A justiça tem de ser rápida, eficaz e evitar a sensação de impunidade. Qualquer regime democrático em que as forças de segurança sejam constantemente desvalorizadas e os tribunais não apliquem as sansões previstas para os crimes cometidos acaba por ruir. Só a justiça consegue garantir a máxima “a minha liberdade termina onde começa a do próximo”.

A captura do que é património de todos por oligarquias, a imposição ao coletivo de agendas setoriais contrárias à vontade da maioria e a utilização fraudulenta dos recursos do país por indivíduos ou grupos sem a sansão apropriada enfraquecem os sistemas e provocam o descrédito nos cidadãos.

Tal como instalar num PC (o computador mais democrático) o programa da Apple (reconhecido como excelente) torna os dois inúteis, por mais meritórias e democráticas do ponto de vista teórico que as políticas implementadas sejam, sem o reconhecimento generalizado da população e fiscalização eficaz, serão a corrosão dos pilares em que assenta o regime democrático.

Os partidos têm o dever de indicar aqueles que têm a coragem, a capacidade de resolver problemas e o respeito em detrimento das lógicas aparelhísticas puras e estéreis. O sistema político democrático tem nos partidos a sua base, ninguém é indispensável nenhum indivíduo é providencial e é competência do coletivo escolher de entre si aqueles que considera serem os mais bem preparados e merecedores de levar a sufrágio da população ou de exercer determinado cargo.
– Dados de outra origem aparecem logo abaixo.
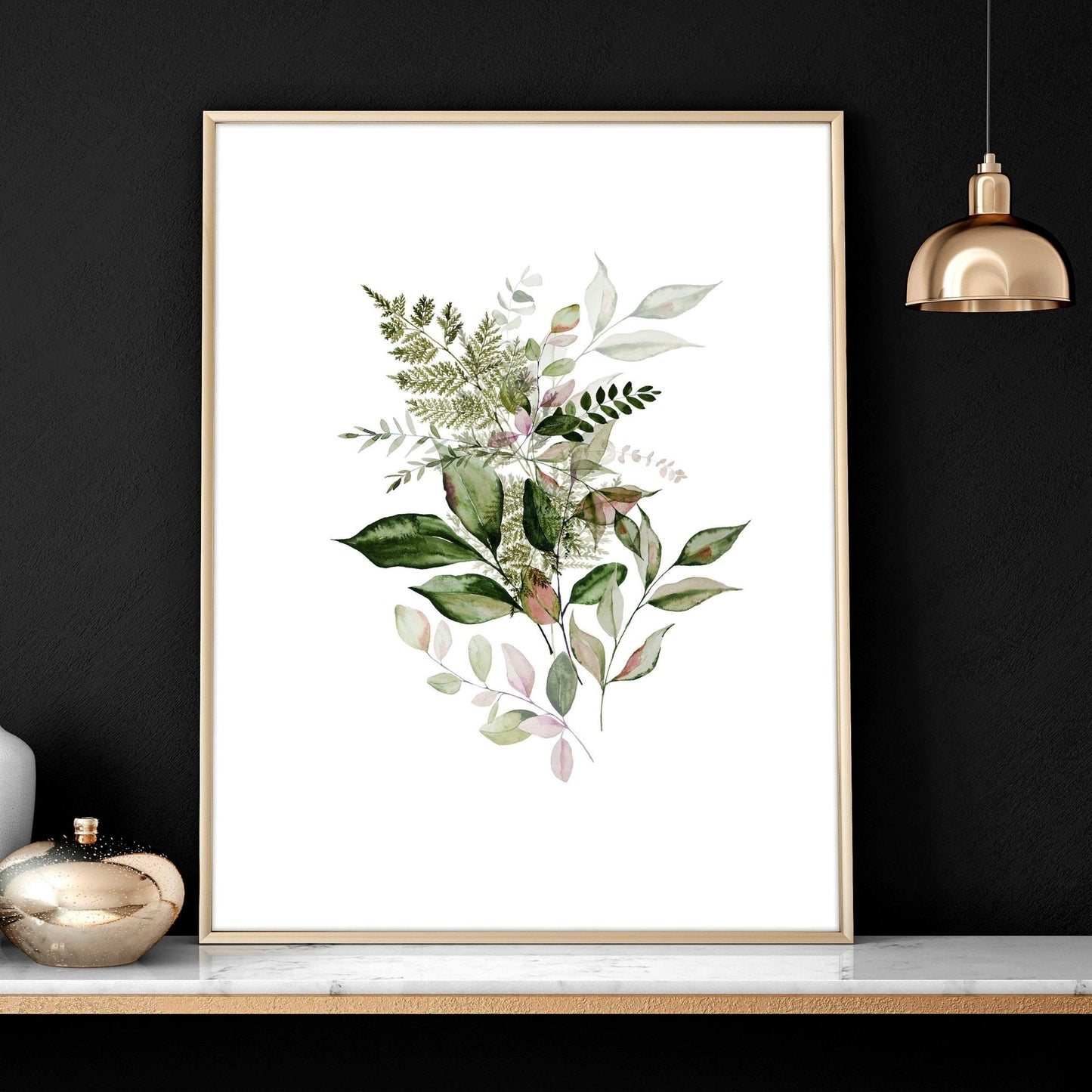 Greenery wall painting | set of 3 wall art prints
A contabilização da abstenção para fins eleitorais, como mecanismo de valorização da democracia e do sistema eleitoral deve ser implementada? Se os candidatos apresentados pelos partidos não reúnem a capacidade para que mais de 50% dos cidadãos se desloquem às urnas devem as eleições ser repetidas, mudando os protagonistas? Deve o voto ser obrigatório? Devem os eleitos ter índices remuneratórios condizentes com os gestores privados para se conseguir atrair os melhores para o exercício da administração pública?
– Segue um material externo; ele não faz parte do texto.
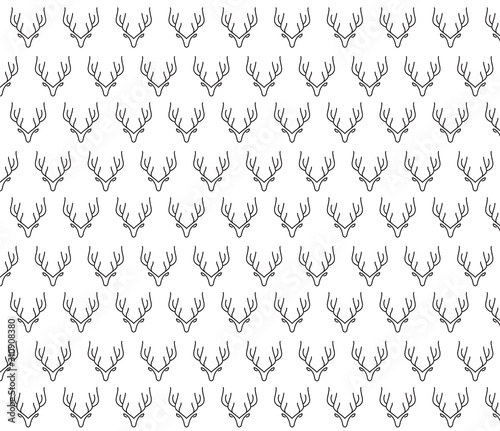 Deer icon pattern set for wallpaper and texture backgroun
Muitos são os problemas internos das democracias, mas nenhum é tão profundo que seja opção abdicar da liberdade individual. Basta ver o que se passa em países como o Irão, ou o caminho que o próprio regime Russo está a tomar, para levar a que cada um de nós se pergunte se quer viver sob a batuta de um regime autoritário.

Não entendo nada de ginástica, de cutelaria e cada vez menos de Política, mas sei que gosto de pessoas!